Return the data below exactly, but only from the line containing "Fresh yellow squash" through the line containing "Delicious fried mushrooms on plate on table close-up Delicious", with both of those lines included.

**SUPPLIED RECORDS**:

*****

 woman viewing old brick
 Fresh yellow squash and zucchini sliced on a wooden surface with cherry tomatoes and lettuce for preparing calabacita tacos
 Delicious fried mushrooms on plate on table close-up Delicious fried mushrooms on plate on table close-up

*****

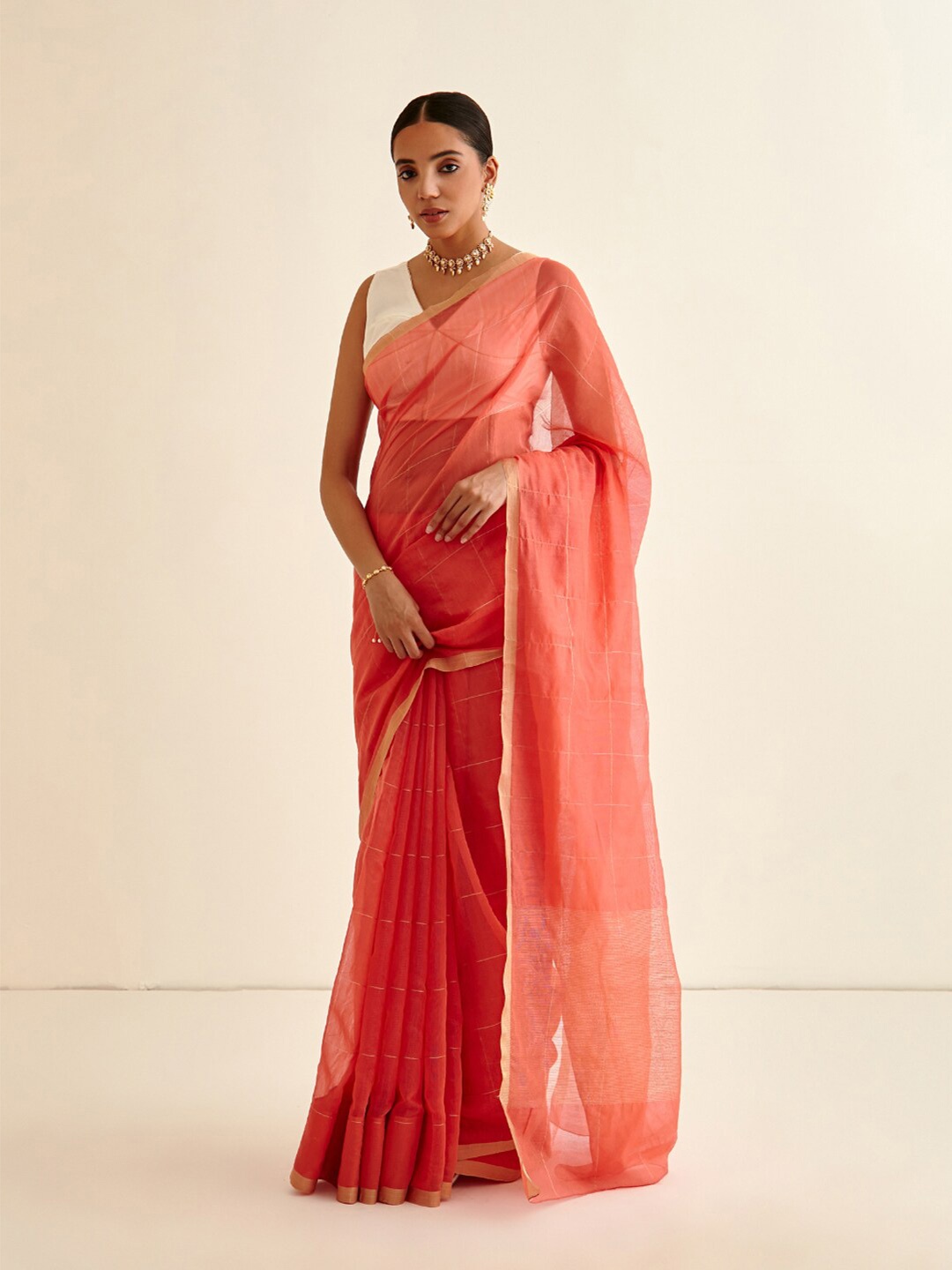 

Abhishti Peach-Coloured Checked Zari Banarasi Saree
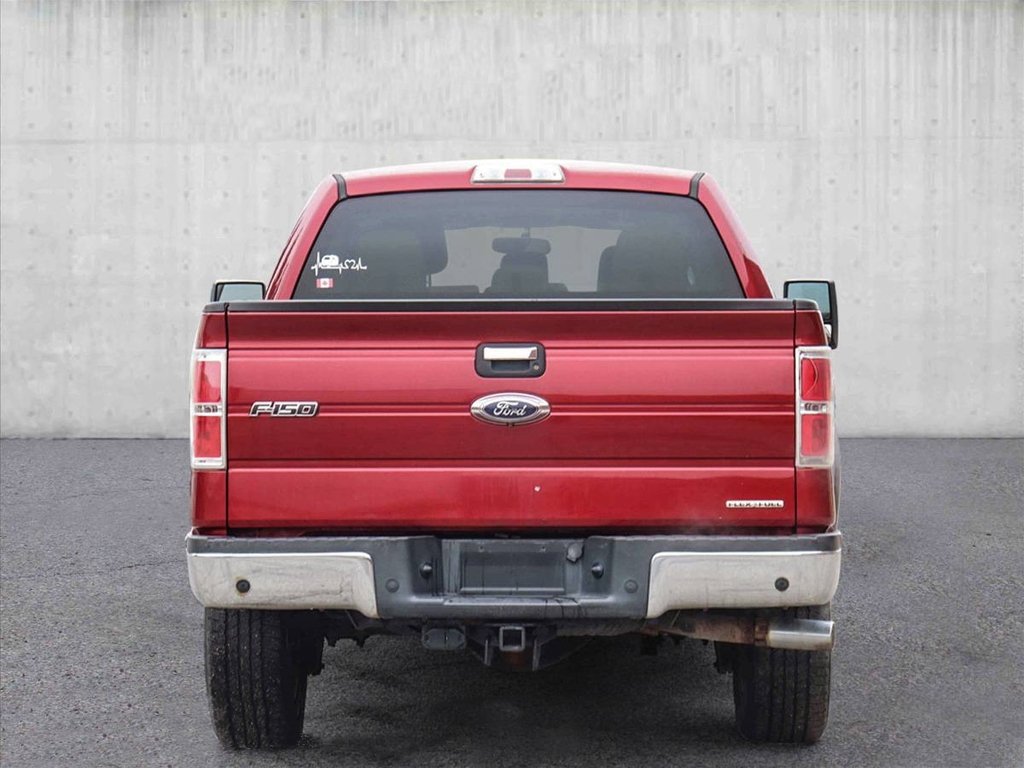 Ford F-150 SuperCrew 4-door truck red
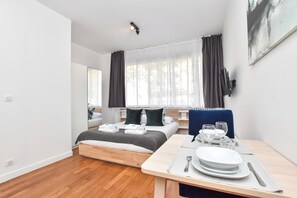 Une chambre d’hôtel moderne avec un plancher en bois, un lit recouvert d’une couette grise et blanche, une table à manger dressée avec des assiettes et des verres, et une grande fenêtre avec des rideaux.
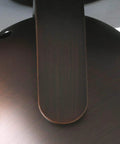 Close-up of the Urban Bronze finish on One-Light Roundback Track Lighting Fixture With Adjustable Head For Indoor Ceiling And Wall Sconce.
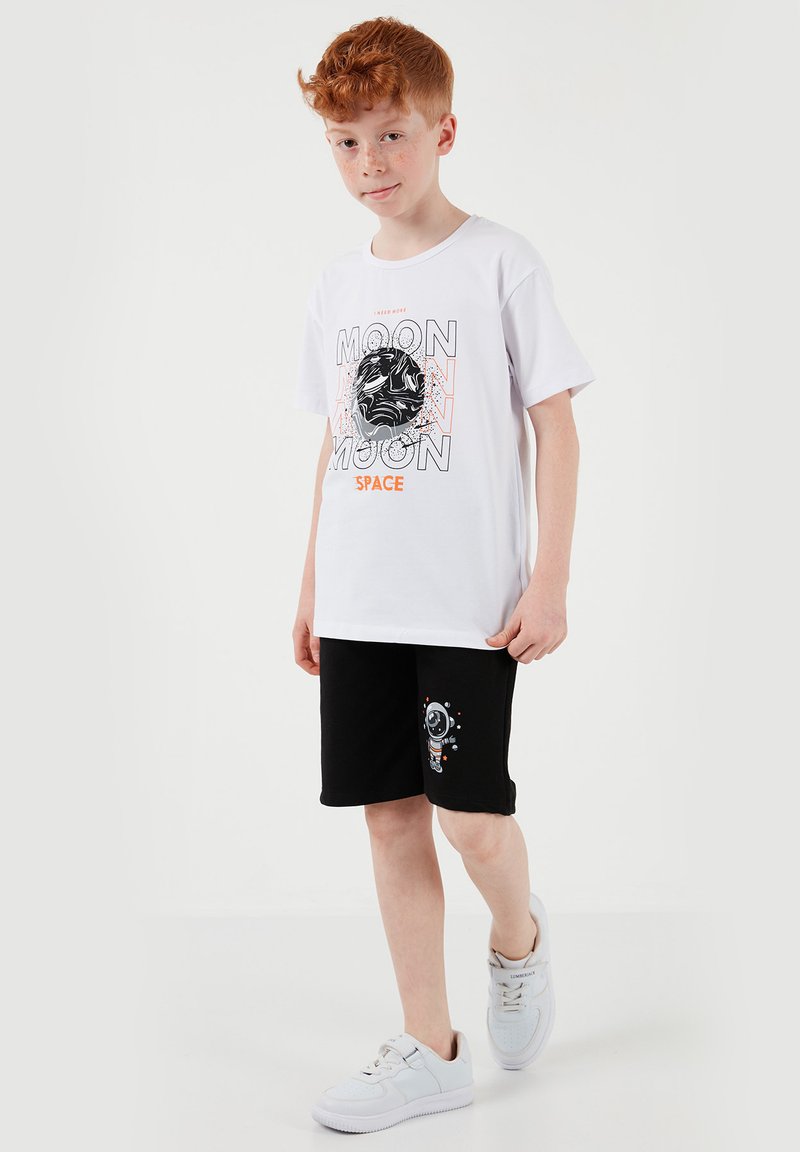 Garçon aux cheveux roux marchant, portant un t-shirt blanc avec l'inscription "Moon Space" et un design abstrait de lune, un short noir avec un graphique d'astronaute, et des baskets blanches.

*****

**ANSWER SPACE**:
 Fresh yellow squash and zucchini sliced on a wooden surface with cherry tomatoes and lettuce for preparing calabacita tacos
 Delicious fried mushrooms on plate on table close-up Delicious fried mushrooms on plate on table close-up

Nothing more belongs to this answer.